Another paper written with my former colleagues at CISTER has been accepted. The paper is entitled “Mixed-criticality Scheduling with Memory Bandwith Regulation” and appear at DATE 2018. The paper considers the problem that existing schedulability analyses for mixed-criticality multi-core systems do not consider task interference in shared platform resources, such as memories, potentially making them optimistic and unsafe. We address this issue by formulating a schedulability analysis for mixed-criticality fixed-priority-scheduled multi-core systems using per-core memory access regulation. We also propose multiple heuristics for memory bandwidth allocation and task-to-core assignment. The analysis and heuristics are implemented in a tool and evaluated through extensive experiments.
Article Accepted in IEEE Transactions on Computers
Anna Minaeva had an article entitled “Time-Triggered Co-Scheduling of Computation and Communication with Jitter Requirements” accepted in IEEE Transactions on Computers. The article considers the problem of efficiently co-scheduling task execution and communication in multi-core automotive platforms. Most existing works typically deal with zero-jitter scheduling, which results in lower resource utilization, but has lower memory requirements. In contrast, this article focuses on jitter-constrained scheduling that puts constraints on the tasks jitter, increasing schedulability over zero-jitter scheduling.

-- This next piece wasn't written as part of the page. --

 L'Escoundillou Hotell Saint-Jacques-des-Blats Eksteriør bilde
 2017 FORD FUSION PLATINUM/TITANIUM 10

The contributions of this article are: 1) Integer Linear Programming and Satisfiability Modulo Theory model exploiting problem-specific information to reduce the formulations complexity to schedule small applications. 2) A heuristic approach, employing three levels of scheduling scaling to real-world use-cases with 10000 tasks and messages. 3) An experimental evaluation of the proposed approaches on a case-study and on synthetic data sets showing the efficiency of both zero-jitter and jitter-constrained scheduling. It shows that up to 28% higher resource utilization can be achieved by having up to 10 times longer computation time with relaxed jitter requirements.
Hazem Ali Defends Dissertation
Paper Accepted at SCOPES 2017
Hazem had a paper entitled “Combining Dataflow Applications and Real-time Task Sets on Multi-core Platforms” accepted at the 2017 Workshop on Software and Compilers for Embedded Systems (SCOPES). This paper is a short overview of his PhD dissertation, which will be defended in Porto on May 23, and explains an approach to map and schedule a multi-/many-core system containing both applications described as traditional real-time task sets and synchronous data-flow graphs. Hazem’s approach is to convert the data-flow graph into a periodic real-time task set to unify the models before mapping, which enables him to leverage existing real-time analysis techniques and schedulers. However, converting a complex data-flow graph into a periodic task set may result in a large number of tasks, resulting in long analysis times. To mitigate this problem, he proposes a slack-based merging algorithm that allows the number of tasks to be reduced by carefully sacrificing parallelism in the data-flow graph, subject to its latency and throughput constraints. Lastly, the resulting unified real-time task set is mapped to a multi-/many-core platform interconnected by a TDM NoC using a sensitive-path-first algorithm, which first allocates tasks derived from the original data-flow graph that have the highest impact on its execution and schedulability. It is also able to exploit parallelism in graph during mapping.
We hope you enjoy the paper and wish Hazem all the best for his upcoming defense.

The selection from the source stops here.